Friday, Aug. 7, 2009 | 3 a.m.
Even apartment buildings aren’t immune to foreclosures.
Las Vegas apartment market analyst Michael Belnick said owners are facing some rough times with 6 percent of the buildings in default or foreclosure. More than 300 notices of default have been issued, he said.
“When markets get this depressed, there are usually opportunities,” Belnick said. “And, yes, there are today and will be for a while.”
Loans for apartment buildings, however, are a challenge and almost all of the deals are cash, Belnick said.
The biggest area to capitalize on is low-end fourplexes. Buyers are paying cash and rehabbing buildings and getting a 15 percent to 20 percent return, he said. The units are being rented because they are in great condition after they are refurbished, he added.
Overall, the economic slowdown and competition from the housing market are taking a toll on apartments. Occupancies dipped to their lowest levels in more than a decade, according to the research firm Applied Analysis. At the same time, average rents fell to where they were three years ago.

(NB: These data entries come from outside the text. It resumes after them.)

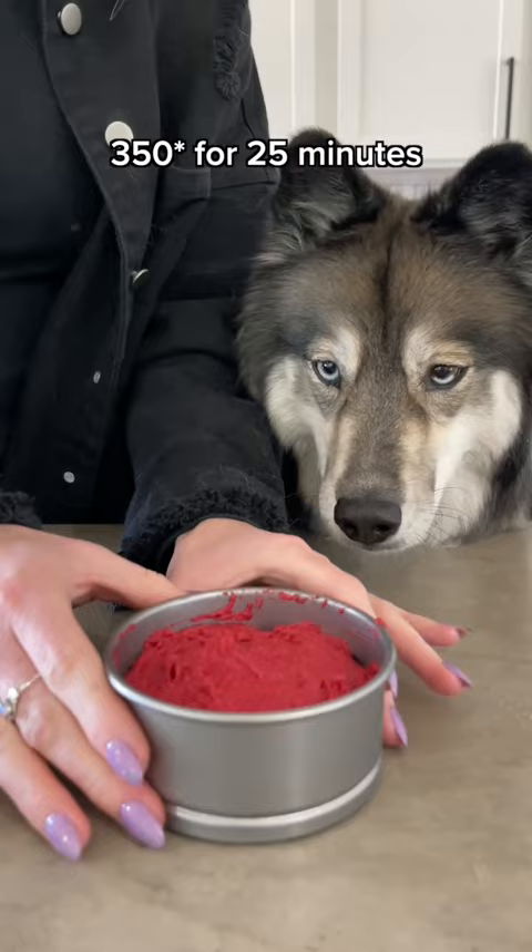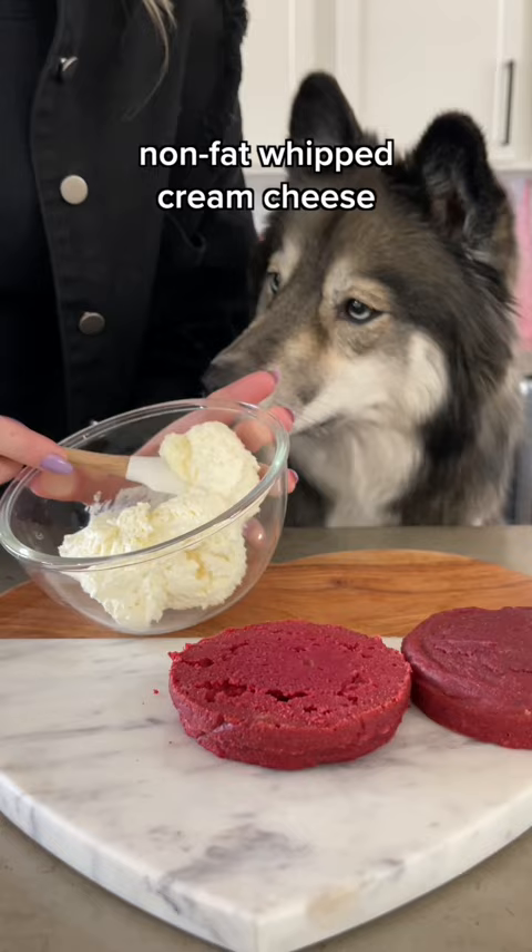Bake at 350 degrees for 25 minutes. Once it's cool, cut your cake in half and then for the frosting we're using non-fat whipped cream cheese and adding it to the center of the cake and on top. With the other cake we're going to make it into crumbs and sprinkle it on top. Now you're ready to slice your pup a piece and enjoy!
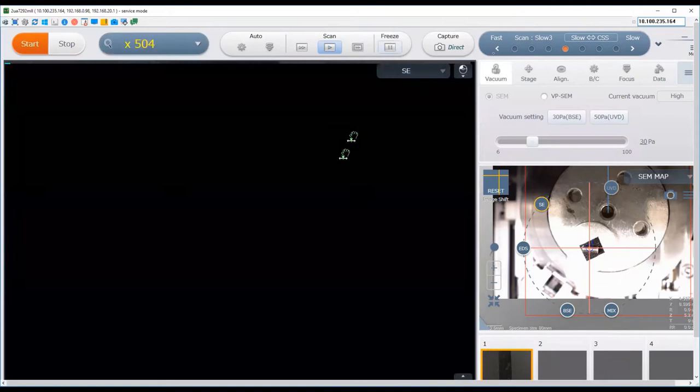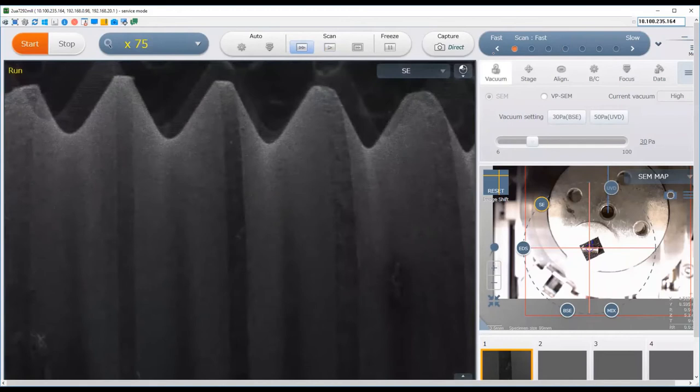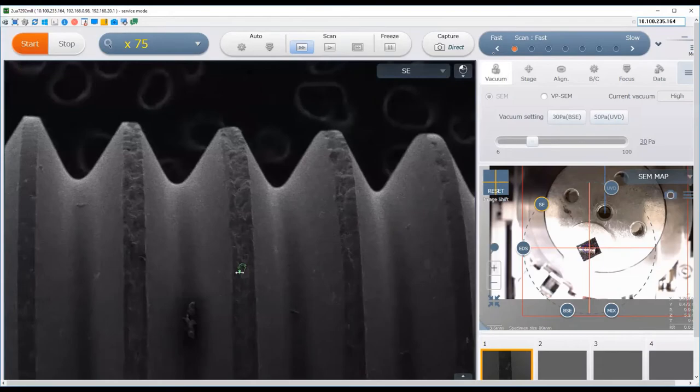Once you've captured your image and want to start scanning again, click the run button and it goes back to the slow scan. Increase the speed to the fast scan and zoom back out to find another area. This image is being captured with the secondary electron detector, as indicated by SE. This gives you the best resolution and tends to highlight edges on features.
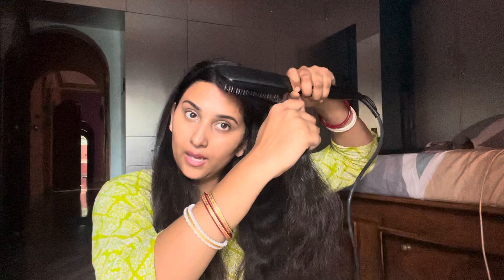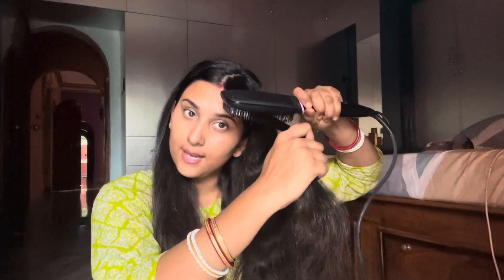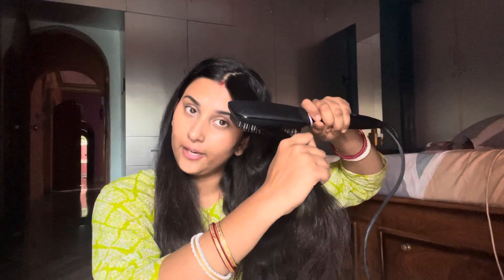This brush is a good brush. We will glide the brush very well. We have not seen it for the first time — that's the way to glide through the blend. This is the right way to glide through.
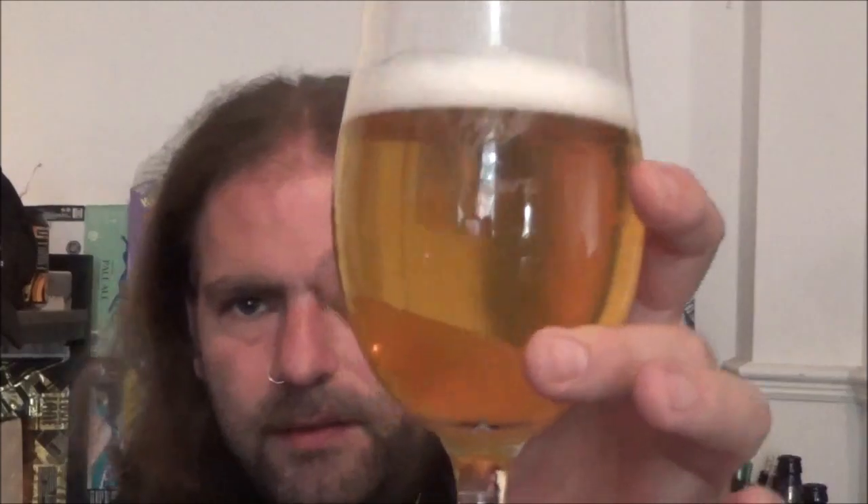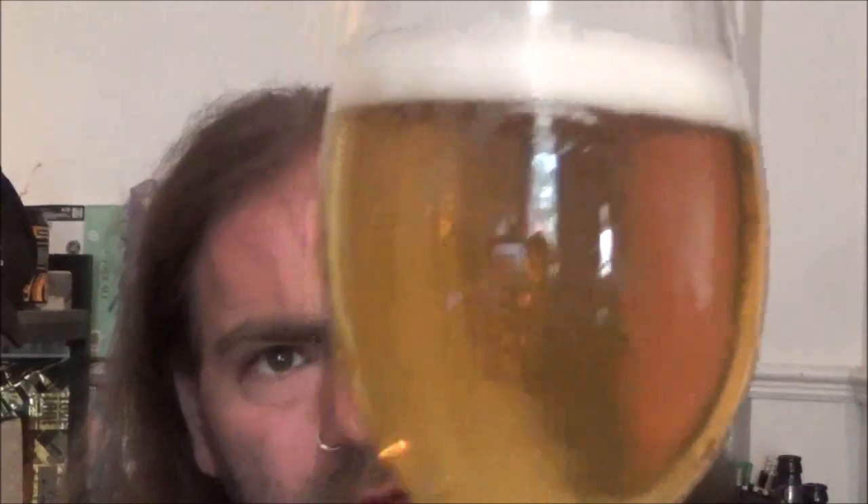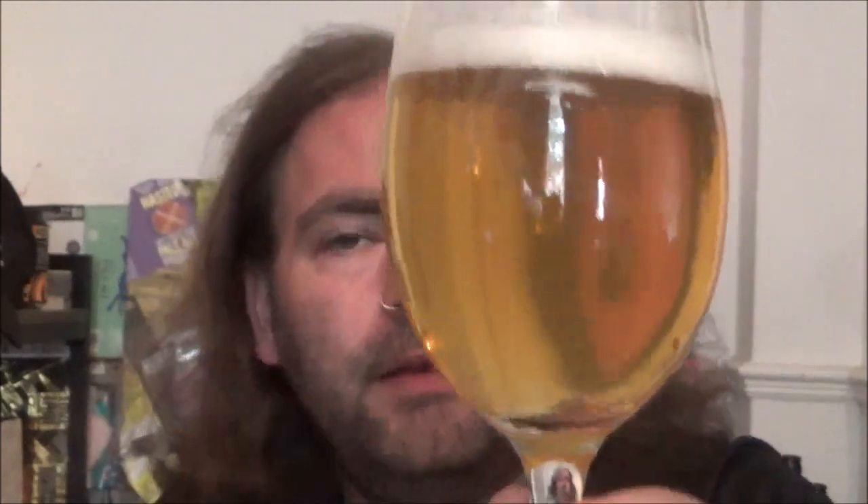There we go — beer in the glass. A very pale straw-coloured beer with just under a single finger of a very light, clean white head. There's only gentle carbonation there; I can see the occasional bubble rising up.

Applied Analysis Principal Brian Gordon said a frail job market and price depreciation in the housing market have weakened demand for apartments. Las Vegas’ jobless rate was 12.3 percent in June. The firm said apartment complexes are reporting increasing delinquencies and evictions, a trend that isn’t expected to improve this year.
By the end of June, the valleywide occupancy rate fell to 90.5 percent, down from 93 percent at the end of 2008’s second quarter. Over the past 10 years, the average occupancy rate has been 94.2 percent, according to Applied Analysis.
Gordon said improvement in the apartment market won’t be seen until the leisure and hospitality industries pick up, which won’t happen until the national economy recovers. The slowdown in construction is a problem as well, and it will take much longer for that sector to recover, Gordon said.
Price declines will start to slow by early 2010, he predicted.
The average rent in the second quarter was $857 per unit, down $12 from the first quarter and $34 from 2008’s second quarter, a drop of 3.8 percent.
The highest average rent in the second quarter was $1,010 a month in the southwest valley, while the lowest average was $738 per unit in the northeast valley. Other average rents were: west, $855; central/east, $776; south, $842; northwest, $863; north, $878; and southeast, $970, according to Applied Analysis.
The western valley had the highest occupancy rates at 91.8 percent, while the northwest had the lowest at 88.3 percent, the firm reported.
In the second quarter 171 apartment buildings sold, 38 percent higher than the 124 in the second quarter of 2008, Belnick said. Most sales — 151 — were fourplexes, Belnick said. Of those, 49 percent were repossessions, 45 percent were foreclosure purchases and 6 percent were resales.
The 151 sales are 57 percent higher than the 96 in the second quarter of 2008, he said.
The average price per unit was $42,000, down 41 percent from $70,800 in 2008’s second quarter. Those complexes sold for an average of $100,300 per unit in 2007’s second quarter.
Among complexes of 100 units or more, only two sold in the second quarter, down from nine in the second quarter of 2008, Belnick said. Buyers paid an average of $65,800 per unit, down 24 percent
from $86,500 a unit in 2008’s second quarter.